Overview

Pain Prevention During Propofol Infusion in Pediatric: Hypnoanalgesia of the Hand Versus Lidocaine.

Status:
Completed
Trial end date:
2019-06-19
Target enrollment:
0
Participant gender:
All
Summary
The simplicity of the implementation and the effectiveness of hypno-analgesia (via the magic glove technique) has already been proven in some research work, during the installation of peripheral venous route. An unpublished preliminary study has shown that this method appears to be the most effective in preventing pain during pediatric propofol injection. The purpose is to compare the effectiveness of hypno-analgesia of the hand by the "magic glove technique" to lidocaine used in an extemporaneous mixture in the prevention of pain with injection of propofol during intravenous induction in children aged 7 to 14 years
Phase:
Phase 4
Accepts Healthy Volunteers?
No
Details
Lead Sponsor:
University Hospital, Toulouse
Treatments:
Lidocaine
Propofol
Criteria
Inclusion Criteria:

- Children from 7 to 14 years old.

- Admitted for programmed or ambulatory surgery under general anesthesia.

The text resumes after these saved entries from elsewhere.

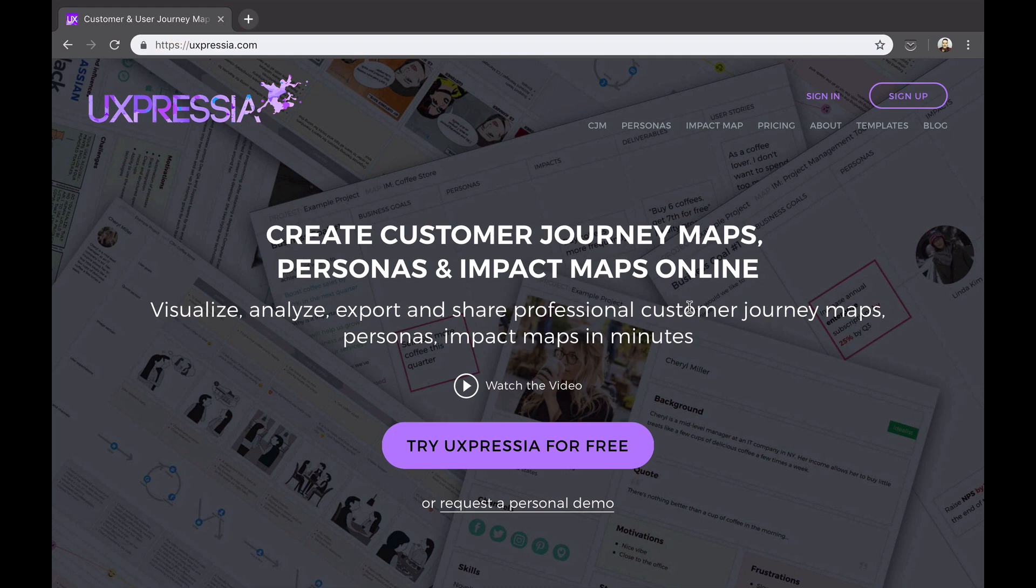In this video, we will see what Uxpressia is all about, its main features, and we'll learn how to create and build customer journey maps and personas using this platform.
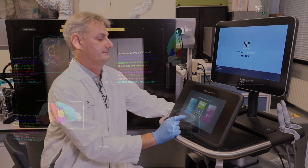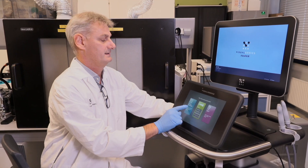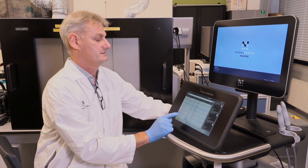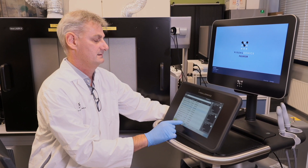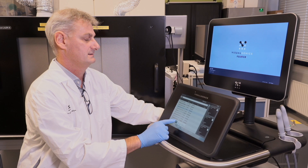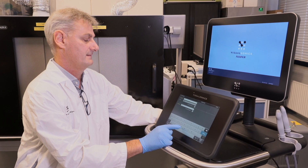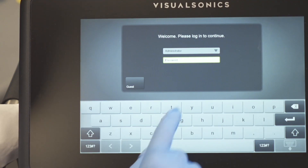The touchscreen user-friendly interface makes it very easy and intuitive to navigate through the system. It's just like using your smartphone.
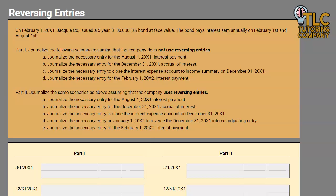Hello and welcome to another TLC Tutoring Company Accounting lesson. In this lesson, we will be reviewing reversing entries.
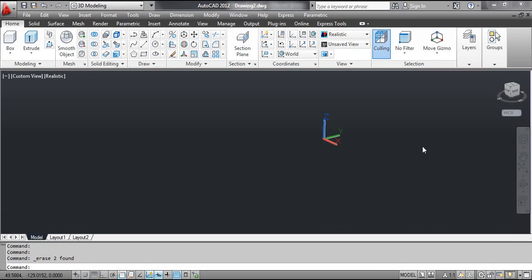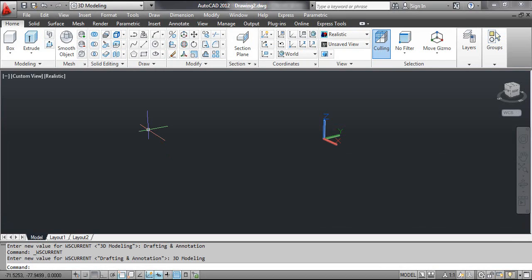The volume command measures the volume of an object or a defined area. To select the volume tool, click the Tools menu, select Inquiry, and select Volume.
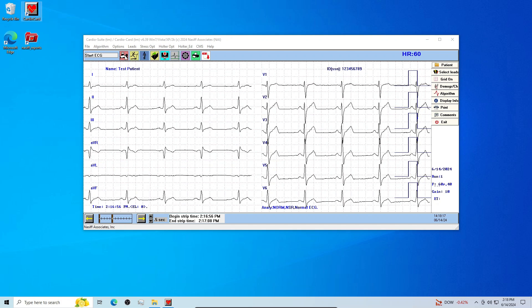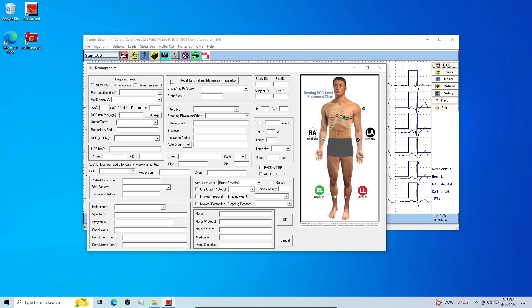Once your patient is connected to the system, click Start ECG at the top left or center right. Fill in at least the first four patient demographic fields, or click Recall Last Patient to auto-fill their information. Then just click OK.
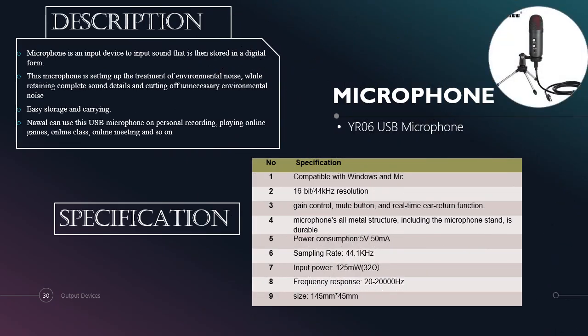The last input device that we choose is microphone. It is a USB microphone. A microphone is an input device to input sound that is then stored in digital form. This microphone's setup reduces environmental noise while retaining complete sound details and cutting off unnecessary environmental noise. It is easy to store and carry. Lastly, Nawal can use the USB microphone for personal recording, playing online games, online class, online meetings and so on. Also on the slide, there are specifications that we put for the microphone.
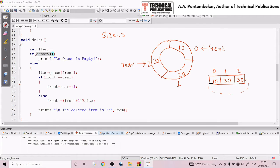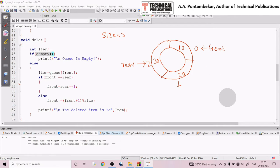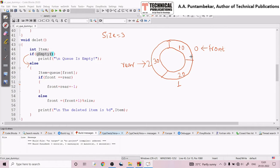For better understanding, we redraw it in linear fashion. Element 30 at index 2 is the rear end, and element 10 at index 0 is the front end. Since front is not minus one, the queue is not empty and control enters the else part. We always delete from the front end, whether it is a linear queue or circular queue. So element 10 will be removed first.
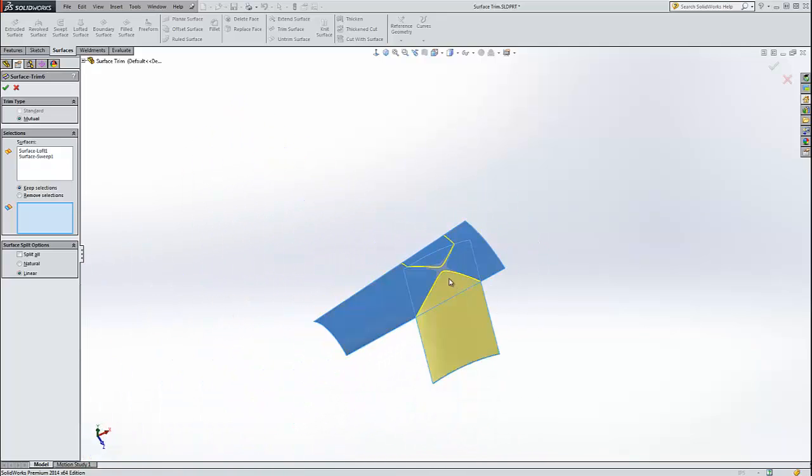But as with most surfacing tools, the best thing to do is just play with the options until you get something that looks right and go with that. This has been Robert with a quick tips video about surfaces. Have a great day.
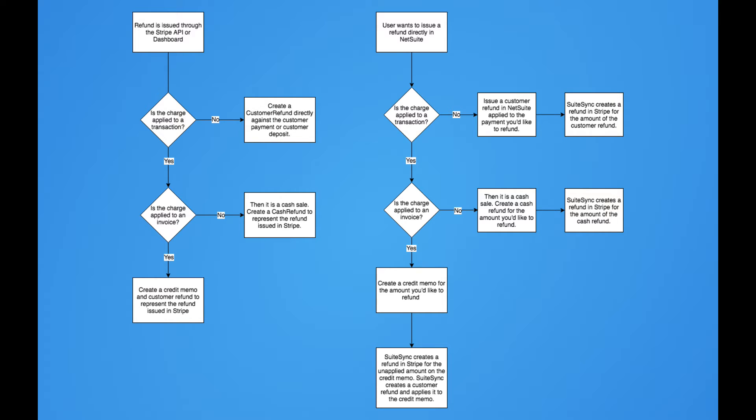For any of these workflows, we'll automatically reconcile the customer refunds to the corresponding bank transfer that it's included in. This means that initially all the refunds are going to post to your undeposited funds account, and then later they're going to automatically move from that account to your cash account when we've received the notification from Stripe that they've been successfully deposited.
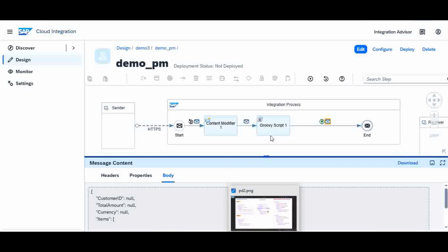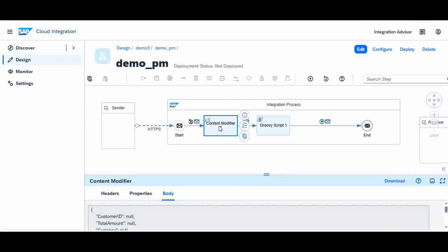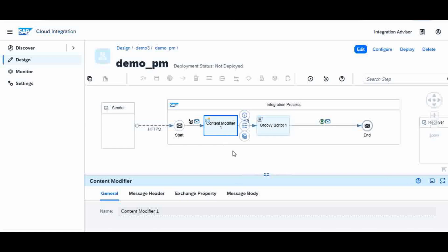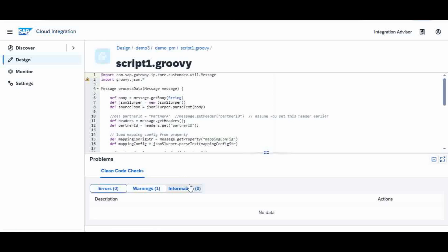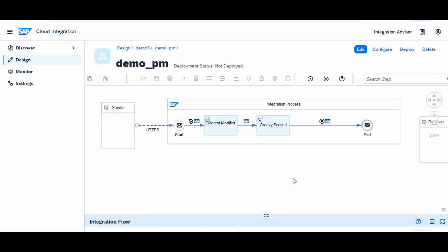This is the test iFlow simulating the Partner Directory concept. In the next video, I will remove this Content Modifier and instead read the mapping configuration from a Partner Directory maintained in the Monitor section. Inside the Groovy script, instead of reading from the header property, I will read directly from the Partner Directory. I hope this session was helpful — you now have a clear idea of what a Partner Directory is and how it works. Please put your comments and questions — I would be happy to respond. Thank you so much for watching.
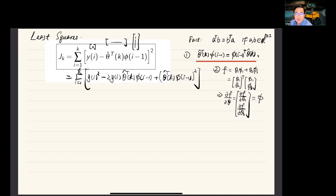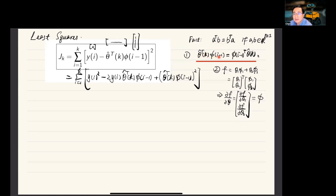Throughout the derivation, we'll be using two very simple facts. First, if a and b are column vectors of the same dimension, then a transpose b generates a scalar. Similarly, b transpose a also generates a scalar, and they are equal. As a result, theta hat transpose k times phi i minus 1 generates a scalar, and it equals phi i minus 1 transpose times theta hat k. The order of the vector multiplication can be swapped if they generate a scalar.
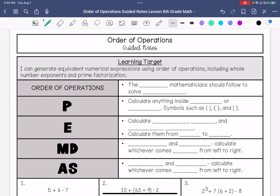We are going over order of operations. My learning target is: I can generate equivalent numerical expressions using order of operations including whole numbers, exponents, and prime factorization.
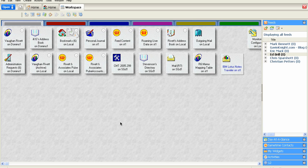I've just been going through some of the options on Lotus Traveller. I upgraded my server to 8.5.1 and I thought let me have a look around and see if I can see any changes. What I'm going to show you may have been available in earlier versions of Lotus Traveller, but it is definitely available in 8.5.1.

- ASA I to II. (ASA1: Normal patient or ASA 2: Patient with moderate systemic
abnormality).

- Parents or legal guardians who have signed informed consent to the inclusion visit.

Exclusion Criteria:

- Children under 7, over 14

- In regulated girls, presence of a pregnancy

- ASA III, IV

- Contraindication to propofol (known hypersensitivity to propofol or to one of its
constituents)

- Contraindications to lidocaine (known hypersensitivity to lidocaine hydrochloride,
amide bonded local anesthetics or to any of the excipients, patients with recurrent
porphyria)

- Contraindications to nitrous oxide

- Patient whose clinical condition requires titration of propofol during induction, for
good hemodynamic tolerance.

- Refusal by the child or the parents of intravenous induction.

- Psychological distress (agitation, mental deficiencies, communication disorders,
deafness problems).

- Analgesic or sedative treatment within 24 hours before induction.

- Locoregional or perimedullary anesthesia before anesthetic induction.